A cualquiera que utilice el color verde para definir un desierto, se le puede considerar como a un loco, pues a un desierto se le identifica más como un territorio en el que la clorofila brilla por su ausencia, incluso como aquel en el que la naturaleza de su arenoso y continuado suelo, no permite mantener ni la menor manifestación de cualquier tipo de vegetación. Pero el concepto que la palabra desierto nos trae a la memoria, en este caso, no es el arenoso suelo que se extiende, por los cuatro puntos cardinales, hasta el infinito. Nuestro desierto, en el que para merecer este nombre la evapotranspiración es mayor que la precipitación, es el desierto de Sonora, que está localizado en América del Norte, ocupando suelos de los estados de México y Estados Unidos, y dentro de este pais, una cuarta parte del estado de Arizona, en su zona sureste.

    Hasta en cuatro ocasiones habíamos visitado este desierto, siempre en los últimos meses del verano o primeros del otoño, en los que las altas temperaturas que se alcanzan, fueron un factor limitativo para podernos dar un largo paseo a la luz del día, sin estar preparados a soportar las altas temperaturas que se producen, próximas a los 50º C. Por ello, en nuestros cortos paseos, siempre encontrábamos a sus habitantes, es decir a su fauna, sin dejarse ver, protegida del calor por su abundante flora, o por las inclinadas pendientes de sus cordilleras, que generan algunos de los gradientes ambientales más impresionantes más impresionantes de toda la Tierra.

 

    En todas estas visitas, por sus condiciones climáticas extremas, llegamos a entender aquello de que “nada en este desierto es inofensivo a menos que esté muerto”, frase que en la película Los Profesionales pronunciaba Burt Lancaster.
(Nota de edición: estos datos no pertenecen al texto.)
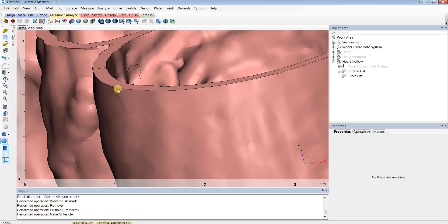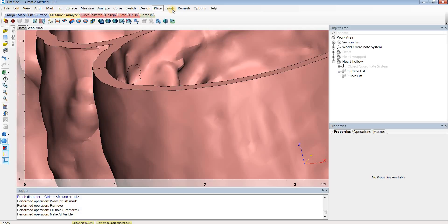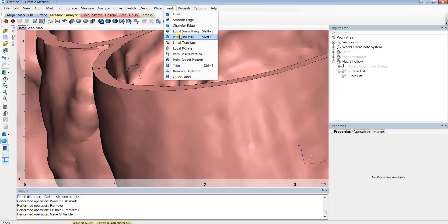In some cases the holes might be very big, and when you use Fill Hole Freeform the surfaces might appear to intersect each other. If this happens, you may have to use the Create Bridge tool in the Fix menu to divide the holes into smaller ones before using Fill Hole Freeform. Another option is to use the Push-Pull tool under the Finish menu to adjust the surfaces accordingly. Hopefully this helps - thanks for watching, see you next time.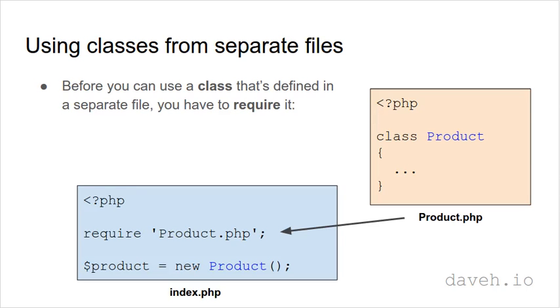Before we can use a class that's defined in a separate file we have to require it. So for example, this product class, before we can create an object of that class in our index.php we need to require the file.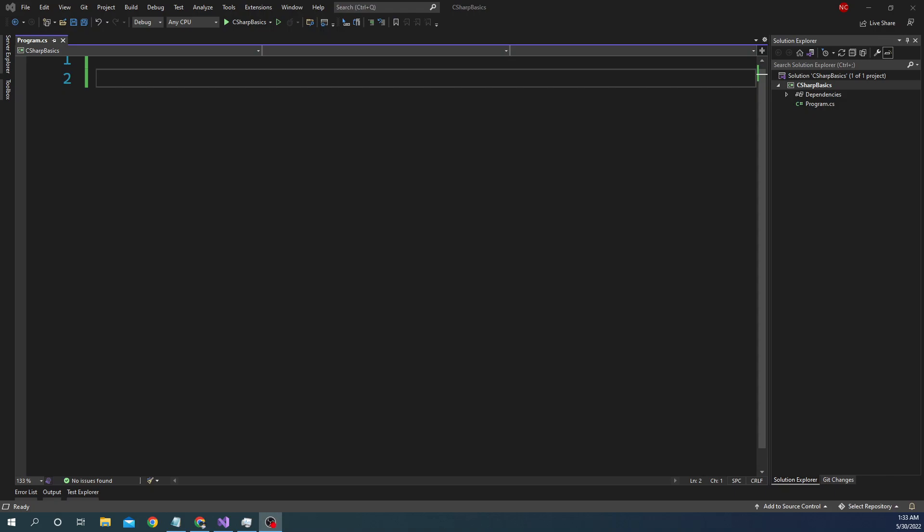Hello everyone and welcome to .NET Core Central. Today's video is also going to be a continuation of discussing fundamental programming concepts of C#, and today I'm going to focus on arrays.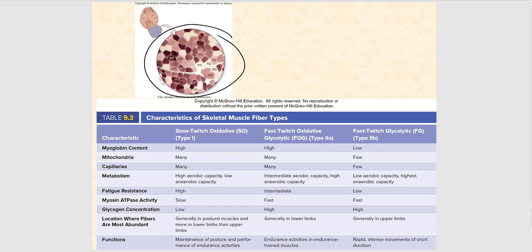Looking at a cross-section of skeletal muscle, we can see the SO fibers — the slow oxidative, slow twitch oxidative fibers — are much darker, taking on a deep burgundy color because of the many blood vessels that supply them and their use of aerobic cell respiration. The FOG fibers are intermediate in color. The FG fibers are noticeably paler compared to the other two types because they utilize anaerobic glycolysis, specifically lactic acid fermentation.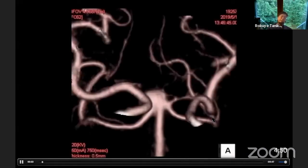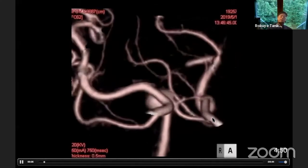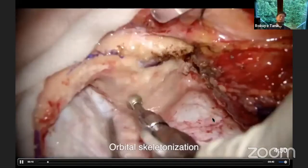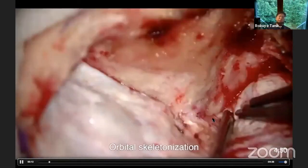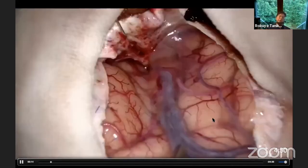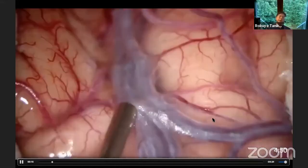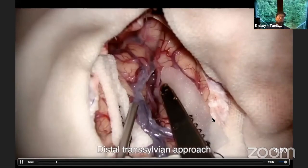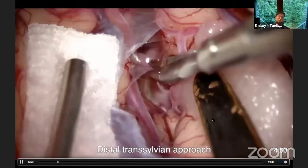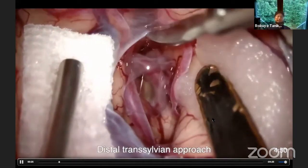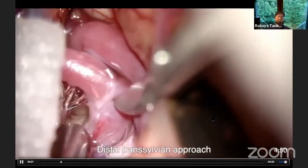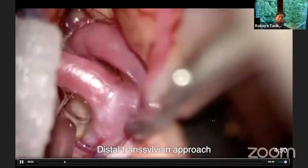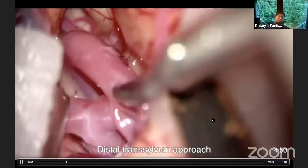The next case is a 77-year-old female with a right-side basilar-SCA aneurysm. The right P1 is very hypoplastic. This is the right frontotemporal craniotomy with sylvian fissure dissection. I opened the dura and am trying to split the sylvian fissure from distal to proximal. Now I am exposing the MCA bifurcation and the M1 segment, then approaching the carotid system.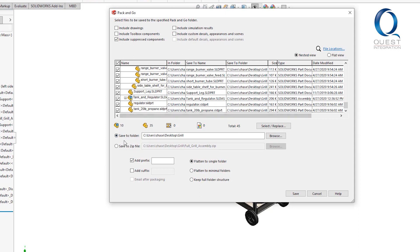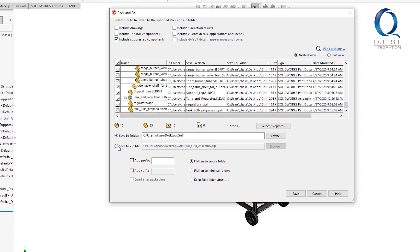It will also ask you for the file path to save them to under two different options of either folder or zip file. If you're doing this to send to us, it'll generally be easier to save as a zip file, which is what we'll do now.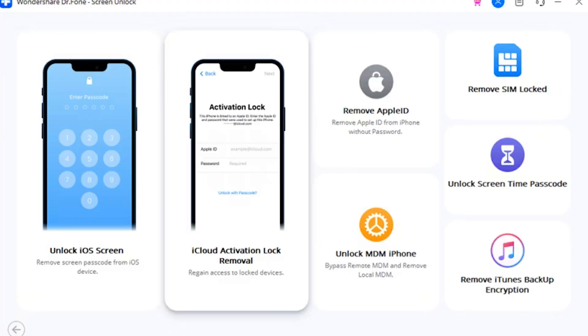Part three: how to bypass the activation lock. Once the device is successfully jailbroken using the above method, it is time to shift to unlocking the activation lock on your iOS device. For that, download and install Wondershare's Dr.Fone on your computer and proceed with unlocking the activation lock of the iDevice by following the user guide steps shown in our videos.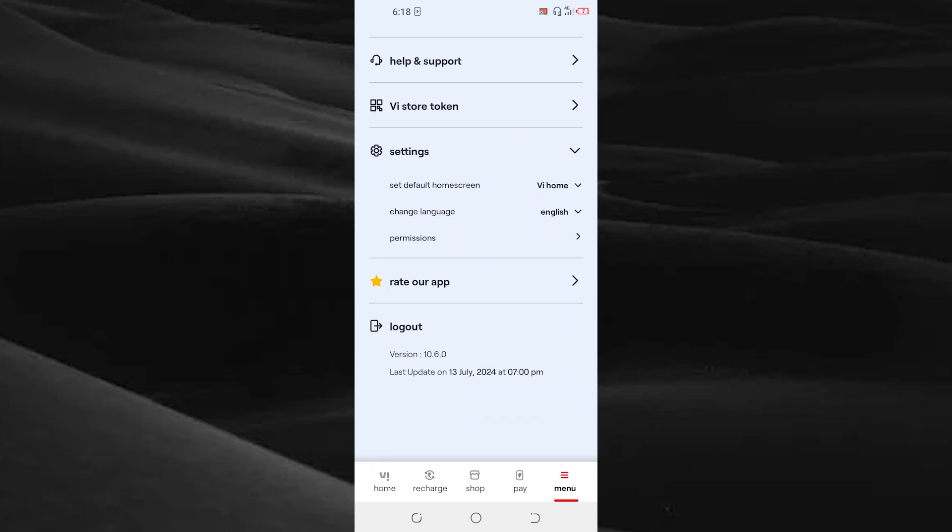the change language option. Tap on change language. Here I can change only these two languages: English and Hindi.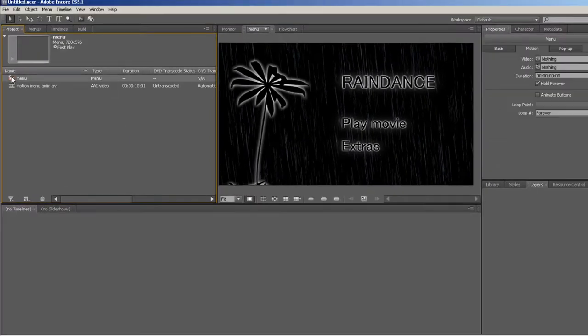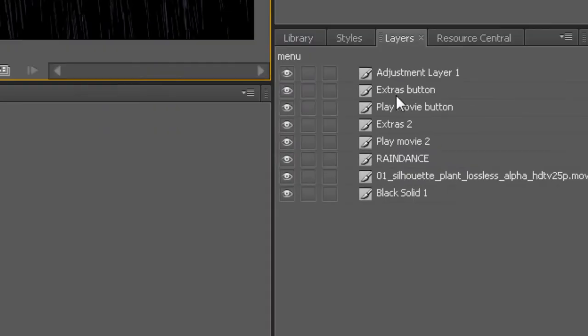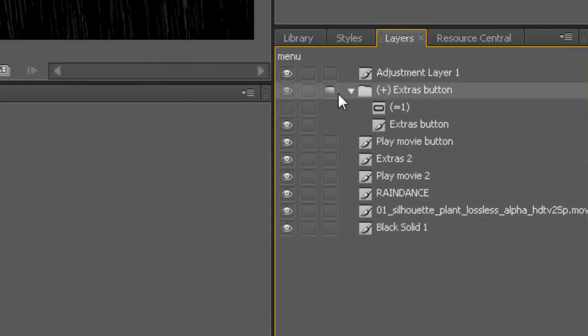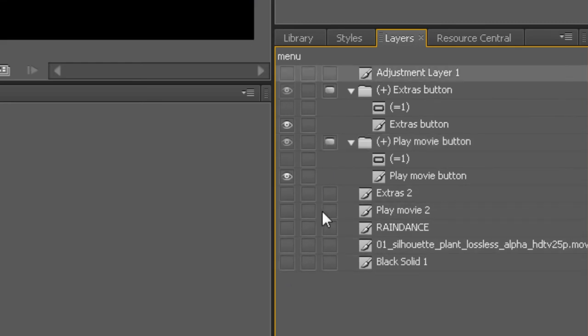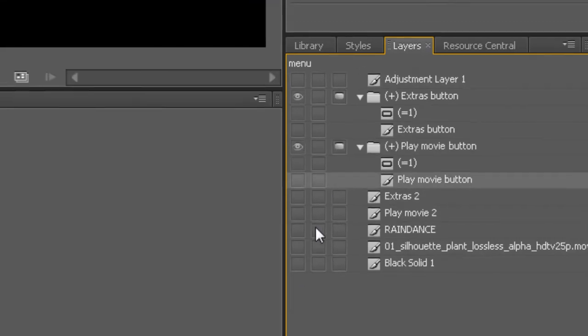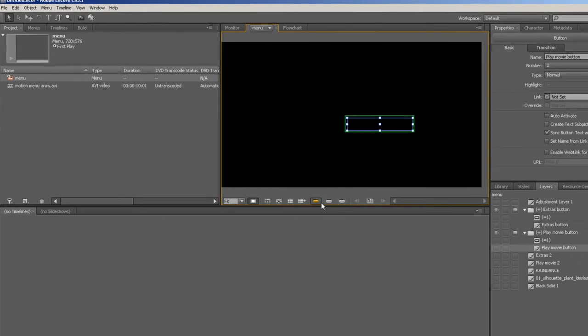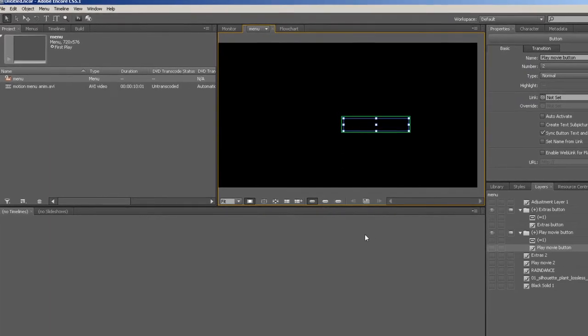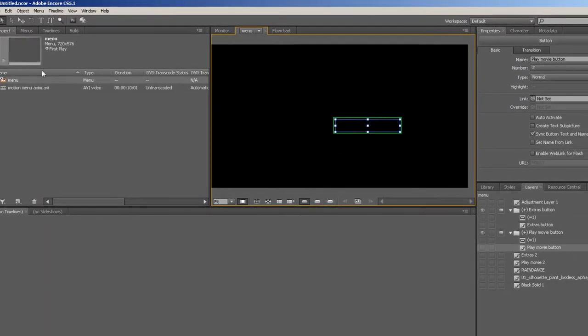Double-click on the menu to reveal its layers in the layer panel. Now we can create our buttons by clicking here. Then we hide all the layers, since we want our background to be the animated video clip. I'm clicking on the Show Sub Picture Highlight button here to check that my buttons are positioned correctly.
Pero nos resistíamos a que en tan bello paraje natural, en el que uno de los endemismos de su flora es el cactus conocido como Sahuaro, no fuera posible encontrarnos con cualquiera de las 80 especies de mamíferos. ó las 190 de aves, que se encuentran entre su fauna. En este escenario, cuyo fondo entre los sahuaros está ocupado por árboles achaparrados, de hojas pequeñas que dificultan la evapotranspiración, como los palos verdes, el palo-fierro y los mezquites, por lo que fue descrito como el desierto microfilo, con un matorral xerófilo con el mismo tipo de hoja, cuando al iniciarse el invierno boreal las temperaturas diurnas no superan los 25ºC, es cuando todos los actores de este desierto, recuperan el protagonismo que les corresponde.

    Nuestra última visita a este desierto ha coincidido con la llegada del presente invierno, y durante una semana hemos podido disfrutar en nuestros paseos de un desierto viviente, en el que aves y mamíferos han sido animadores activos de esta representación. Desde la javalina a los colibríes, se han cruzado por el suelo de nuestros paseos, y se han dejado ver por los horizontes que alcanzaban nuestra vista. Así todo el día, desde que las frías temperaturas nocturnas, inferiores a los 0ºC, se situaban al mediodía sobre los 20ºC.

 

    Ya podemos decir, a nivel de aficionado a la Naturaleza, que hemos conocido el desierto de Sonora, más como un bello paraje natural lleno de vida, que como un muro que separa México de los Estados Unidos, por el que cruzar la frontera, caminando por el desierto es peligroso, para los “sin papeles”, y puede terminar en muerte, como así dicen las octavillas que distintas ONGS reparten a uno y otro lado de la frontera. Es lamentable que estas advertencias no sean tomadas en cuenta, y que una media de 200 personas al año pierdan su vida en este desierto, buscando fuera de sus fronteras otro tipo de vida, aunque para ello haya que viajar por el infierno, ardiente de día y helado de noche.

    Es una pena, para los amantes de la Naturaleza, que el impactante paisaje de estos parajes, aunque inhóspitos, pueda ser motivo de muertes humanas, que buscan encontrar la felicidad. No es posible que la felicidad solo se alcance despues de cruzar por estos derroteros.